Work instruction
Take the data below and copy exactly the lines starting at the one with "Fdfklak New Winter" and finishing at the one with "- Connecting to", both included.
Excerpted records section start
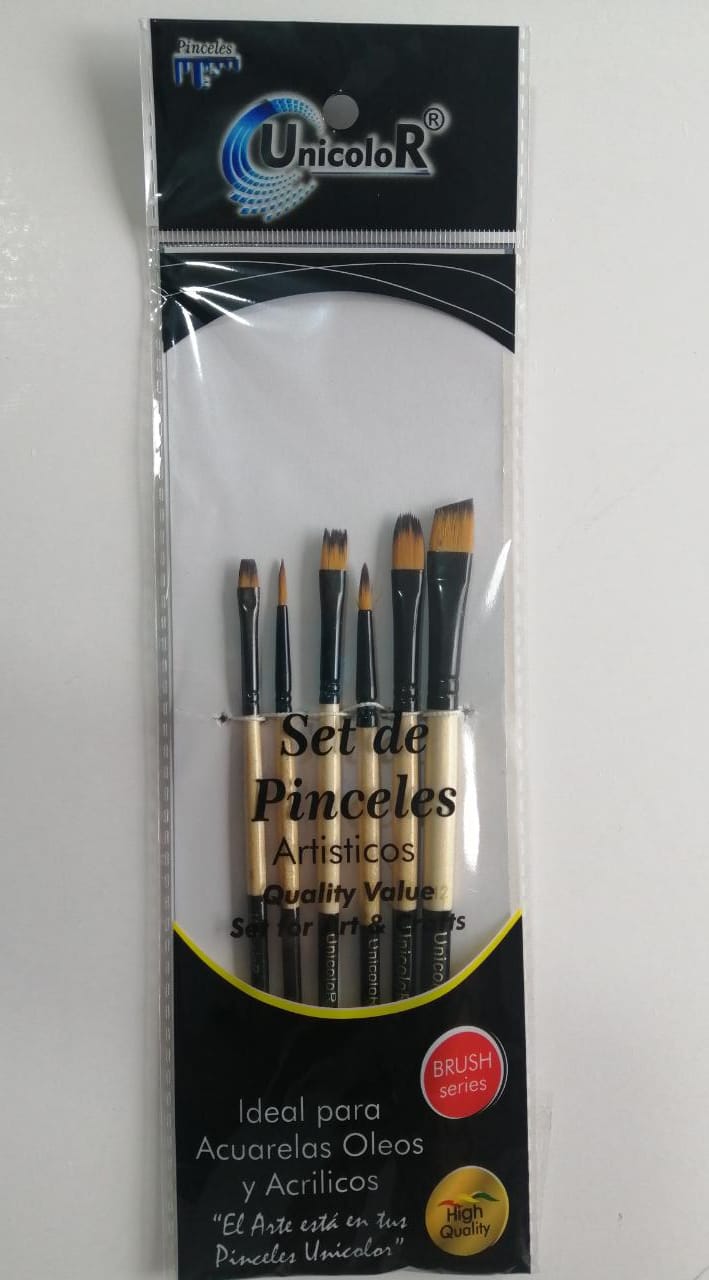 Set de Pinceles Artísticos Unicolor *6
Excerpted records section end
Excerpted records section start
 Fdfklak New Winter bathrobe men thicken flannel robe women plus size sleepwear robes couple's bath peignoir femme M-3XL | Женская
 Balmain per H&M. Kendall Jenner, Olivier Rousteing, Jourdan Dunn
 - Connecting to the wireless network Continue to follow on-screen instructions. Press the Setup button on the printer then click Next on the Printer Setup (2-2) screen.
Excerpted records section end
Excerpted records section start
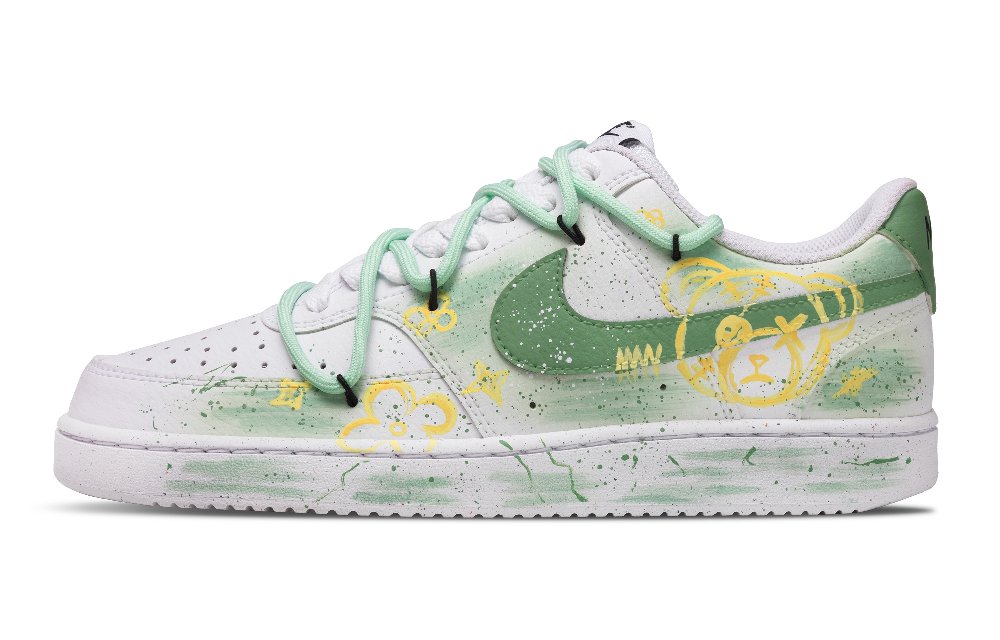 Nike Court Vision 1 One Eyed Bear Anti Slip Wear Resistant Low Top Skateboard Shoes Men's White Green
Excerpted records section end
Written reply
 Fdfklak New Winter bathrobe men thicken flannel robe women plus size sleepwear robes couple's bath peignoir femme M-3XL | Женская
 Balmain per H&M. Kendall Jenner, Olivier Rousteing, Jourdan Dunn
 - Connecting to the wireless network Continue to follow on-screen instructions. Press the Setup button on the printer then click Next on the Printer Setup (2-2) screen.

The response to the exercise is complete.